Pero esa situación que parecería de “bienestar” irónicamente  enferma el cuerpo, pero aún más, enferma el corazón, que de manera callada se llena de dolor,  de resentimiento, de rabia,  de desilusión, de vulnerabilidad y fracaso. Tenemos miedo de expresar ese descontento para evitar el qué dirán, para evitar que piensen que somos desagradecidos con la vida, para evitar el tener que actuar y es entonces que buscamos sosiego bajo el velo de la auto-justificación.

Esta situación de confort nos lleva a vivir una serie de contradicciones:

Seguir en el auto engaño de creernos felices y de no seguir el camino, de no evolucionar, de no abandonar el pasado hará que desperdiciemos la vida; y a medida que pasen los años y todos nuestro pretextos se diluyan (el dinero, el trabajo, los hijos, el prestigio…) nos veremos sumidos en una profunda tristeza que no sólo es psicológica sino profundamente existencial.

Yo mismo he sentido esa tentación de inercia, pero cuando me estoy acomodando y “aburguesando”, la vida en su sabiduría me saca de mis propias seguridades, de mis propias preguntas ya resueltas, de mis deseos de permanecer a la sombra,  y me libera de mis inteligentes (o absurdas) razones para no avanzar.
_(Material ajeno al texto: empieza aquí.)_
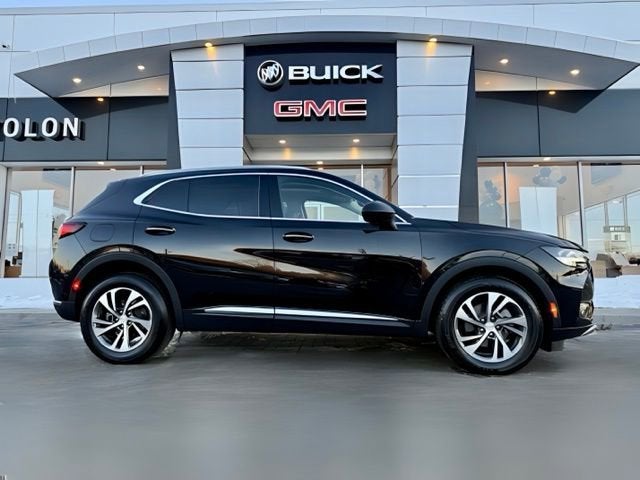 2021 Buick Envision Essence
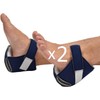 OrtoPrime Pack of 2 Anti-Decubitus Heel Pads Comfort - Elbow
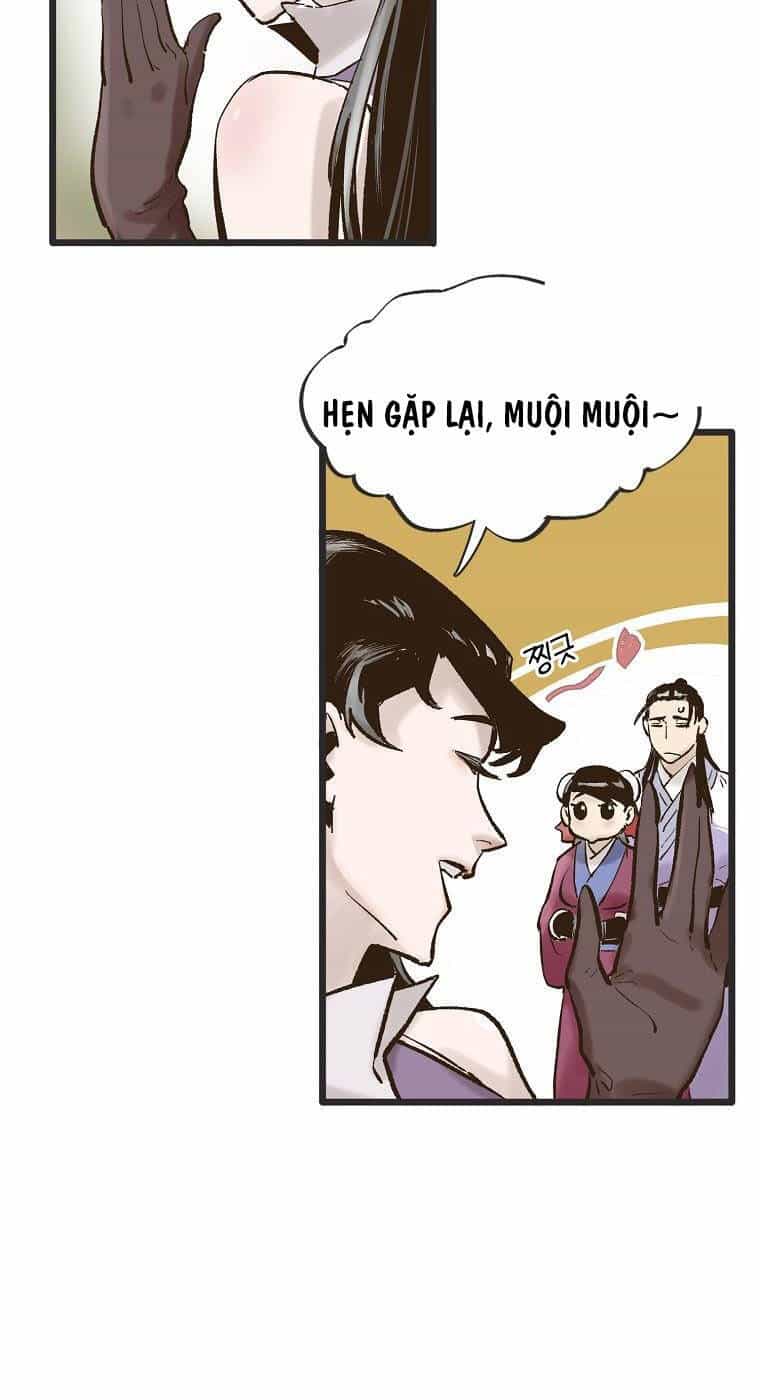 Quỷ Công Di Lục - Chương 11 - ảnh 24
A veces ha sido con suave calma pero en otras a duros golpes.

He descubierto en muchos testimonios de vida que para dar el paso al abismo de la incertidumbre liberadora, que para volver a los sueños sin miedo a los juicios, para retomar aquello que le daba sentido a las luchas y sacrificios, para amar por el simple hecho de amar se necesita  de  una valentía espiritual para vivir con radicalidad el presente, de vivir el hoy de cada mañana, de apasionarnos por cada amanecer (ama-nacer) para que nos transforme internamente y podamos ser coherentes con una verdadera búsqueda de la felicidad y con la realización del sueño que un día tuvo Dios para seamos plenos y fraternos.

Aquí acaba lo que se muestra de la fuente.